The American cutaneous forms of leishmaniasis include immune-responder individuals with localised cutaneous leishmaniasis (LCL) and non-responder individuals with diffuse cutaneous leishmaniasis (DCL). Patients with intermediate or chronic cutaneous leishmaniasis (ICL) have increased morbidity due to the length of their illness, atypical forms and areas of compromise. In the present study, we evaluated the expression of the leukocyte antigens (CD4, CD8, CLA: cutaneous lymphocyte antigen, CD69, CD83 and CD1a) and cytokines (IFN-gamma, IL-4, IL-10 and TGF-beta 1) in the lesions of patients with ICL (n = 18) using an immunocytochemical procedure. ICL results were compared with the information for LCL (n = 19) and DCL (n = 4). The numbers of CD4+ and CD8+ T cells in ICL were similar to those of LCL lesions, but significantly different (P < or = 0.05) from DCL lesions. LCL lesions have about half the numbers of early activated CD69+ cells as ICL, but most are CLA+ skin homing memory T cells, whereas ICL lesions have the highest number of CD69+ T cells, but about one-third of these cells expressed CLA. This suggests that the granuloma of ICL patients contains many activated T cells that are unprimed to cutaneous-launched antigens, thus contributing to an aberrant immune response. In contrast, DCL granulomas presented the lowest numbers of activated CD69+ and CLA+ cells, associated with the characteristic tolerogenic state of these patients. The immunolocalisation of cytokines showed a mixed cytokine pattern in ICL lesions with many positive cells for IL-10, TGF-beta 1, IL-4 and IFN-gamma, with a preponderance of the first two, and different from the prevalent Th1 and Th2 responses associated with LCL and DCL lesions, respectively. CD1a+ Langerhans cells were decreased (P < or = 0.05) in both ICL (271 +/- 15 cells/mm2) and DCL (245 +/- 19 cells/mm2) as compared to LCL (527 +/- 54 cells/mm2) epidermis. The percentage of IL-10+ epidermal Langerhans cells in ICL (33.69), from the total CD1a+ population, was higher than in LCL (17.45). In addition, fewer CD83+ primed Langerhans cells were present in ICL epidermis. The diminished participation of epidermal Langerhans cells, causing a defective signalling by the epidermis, in ICL lesions may account for the tissue-damaging state observed in these patients.

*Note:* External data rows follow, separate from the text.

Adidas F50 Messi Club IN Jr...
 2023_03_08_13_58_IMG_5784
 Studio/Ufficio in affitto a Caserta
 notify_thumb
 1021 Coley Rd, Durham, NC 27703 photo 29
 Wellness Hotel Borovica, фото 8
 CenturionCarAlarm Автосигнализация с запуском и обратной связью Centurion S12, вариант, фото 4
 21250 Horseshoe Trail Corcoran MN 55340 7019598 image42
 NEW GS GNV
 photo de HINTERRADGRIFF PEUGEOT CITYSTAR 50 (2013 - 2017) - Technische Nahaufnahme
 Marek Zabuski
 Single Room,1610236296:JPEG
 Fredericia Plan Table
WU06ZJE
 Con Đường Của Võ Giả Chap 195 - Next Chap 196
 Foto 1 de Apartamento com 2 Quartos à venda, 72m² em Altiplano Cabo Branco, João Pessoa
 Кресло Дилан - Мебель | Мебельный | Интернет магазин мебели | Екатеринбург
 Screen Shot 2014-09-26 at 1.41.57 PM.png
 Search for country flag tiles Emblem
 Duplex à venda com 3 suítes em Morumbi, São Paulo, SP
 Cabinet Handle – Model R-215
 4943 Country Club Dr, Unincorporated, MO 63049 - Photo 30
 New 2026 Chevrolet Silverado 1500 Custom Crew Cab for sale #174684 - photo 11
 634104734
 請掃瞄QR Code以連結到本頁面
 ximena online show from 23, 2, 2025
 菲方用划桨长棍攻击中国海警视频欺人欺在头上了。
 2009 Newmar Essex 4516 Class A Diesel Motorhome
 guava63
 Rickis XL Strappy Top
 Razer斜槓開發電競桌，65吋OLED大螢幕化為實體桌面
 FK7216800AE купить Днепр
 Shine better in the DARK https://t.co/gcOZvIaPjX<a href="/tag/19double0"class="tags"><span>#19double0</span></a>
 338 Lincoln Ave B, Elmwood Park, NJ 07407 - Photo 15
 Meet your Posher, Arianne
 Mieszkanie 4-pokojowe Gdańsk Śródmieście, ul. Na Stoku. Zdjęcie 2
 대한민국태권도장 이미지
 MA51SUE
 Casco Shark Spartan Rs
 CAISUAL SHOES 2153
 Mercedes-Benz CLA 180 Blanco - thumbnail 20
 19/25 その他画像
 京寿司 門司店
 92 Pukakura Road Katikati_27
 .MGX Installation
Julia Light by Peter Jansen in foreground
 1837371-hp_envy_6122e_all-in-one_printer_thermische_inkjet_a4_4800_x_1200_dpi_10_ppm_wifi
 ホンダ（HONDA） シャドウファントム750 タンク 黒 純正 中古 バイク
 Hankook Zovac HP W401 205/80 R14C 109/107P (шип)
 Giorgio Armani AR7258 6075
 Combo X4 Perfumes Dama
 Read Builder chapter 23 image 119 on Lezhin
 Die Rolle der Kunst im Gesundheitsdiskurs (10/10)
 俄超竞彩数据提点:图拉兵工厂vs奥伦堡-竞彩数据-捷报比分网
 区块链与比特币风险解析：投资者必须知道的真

美国的皮肤利什曼病形式包括患有局部皮肤利什曼病(LCL)的免疫反应者个体和患有弥漫性皮肤利什曼病(DCL)的无反应者个体。患有中度或慢性皮肤利什曼病(ICL)的患者由于病程长、非典型形式和受损部位而发病率增加。在本研究中,我们使用免疫细胞化学方法评估了ICL患者(n = 18)病变中白细胞抗原(CD4、CD8、CLA:皮肤淋巴细胞抗原、CD69、CD83和CD1a)和细胞因子(IFN-γ、IL-4、IL-10和TGF-β1)的表达。将ICL的结果与LCL(n = 19)和DCL(n = 4)的信息进行比较。ICL中CD4 +和CD8 + T细胞的数量与LCL病变中的数量相似,但与DCL病变中的数量有显著差异(P≤0.05)。LCL病变中早期活化的CD69 +细胞数量约为ICL的一半,但大多数是CLA +皮肤归巢记忆T细胞,而ICL病变中CD69 + T细胞数量最多,但这些细胞中约三分之一表达CLA。这表明ICL患者的肉芽肿包含许多未接触皮肤启动抗原的活化T细胞,从而导致异常免疫反应。相比之下,DCL肉芽肿中活化的CD69 +和CLA +细胞数量最少,这与这些患者的特征性耐受状态有关。细胞因子的免疫定位显示ICL病变中有混合细胞因子模式,IL-10、TGF-β1、IL-4和IFN-γ有许多阳性细胞,前两者占优势,这与分别与LCL和DCL病变相关的普遍的Th1和Th2反应不同。与LCL(527±54个细胞/mm2)表皮相比,ICL(271±15个细胞/mm2)和DCL(245±19个细胞/mm2)中CD1a +朗格汉斯细胞均减少(P≤0.05)。ICL中IL-10 +表皮朗格汉斯细胞占总CD1a +细胞群中的百分比(33.69)高于LCL(17.45)。此外,ICL表皮中CD83 +致敏朗格汉斯细胞较少。表皮朗格汉斯细胞参与减少,导致表皮信号传导缺陷,在ICL病变中可能是这些患者观察到的组织损伤状态的原因。